* WHAT YOU SHOULD DO
Restate word for word the lines below, from the one containing "Salvatore Ferragamo Gancini" through the final line, with no pictures included.

* PROVIDED DATA
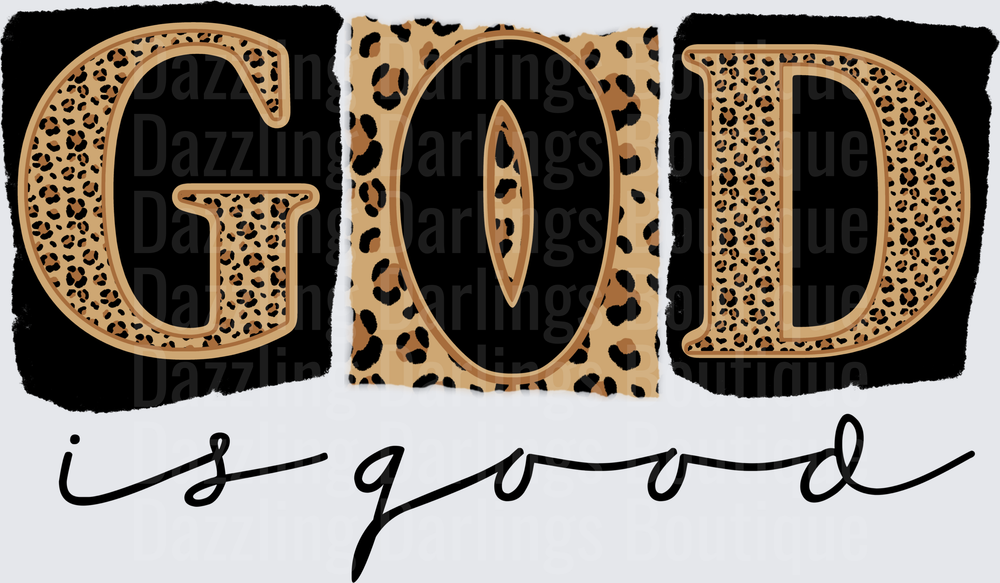 God Is Good Leopard Print Typography Design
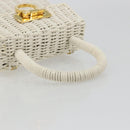 Salvatore Ferragamo Gancini Hand Bag Rattan White Gold Auth 183781A-7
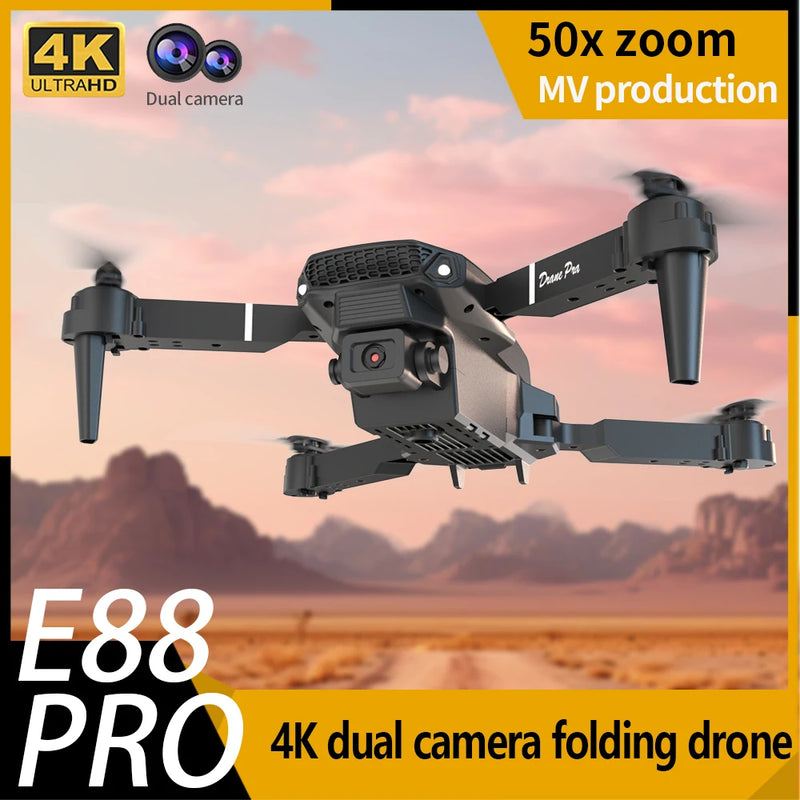 DRONE - DWI D17/E88 Pro Drone 4k Profissional HD 4k Rc Avião Dual-Camera Grande Angular Cabeça Remota Quadcopter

* OUTPUT OF THE TASK
 Salvatore Ferragamo Gancini Hand Bag Rattan White Gold Auth 183781A-7
 DRONE - DWI D17/E88 Pro Drone 4k Profissional HD 4k Rc Avião Dual-Camera Grande Angular Cabeça Remota Quadcopter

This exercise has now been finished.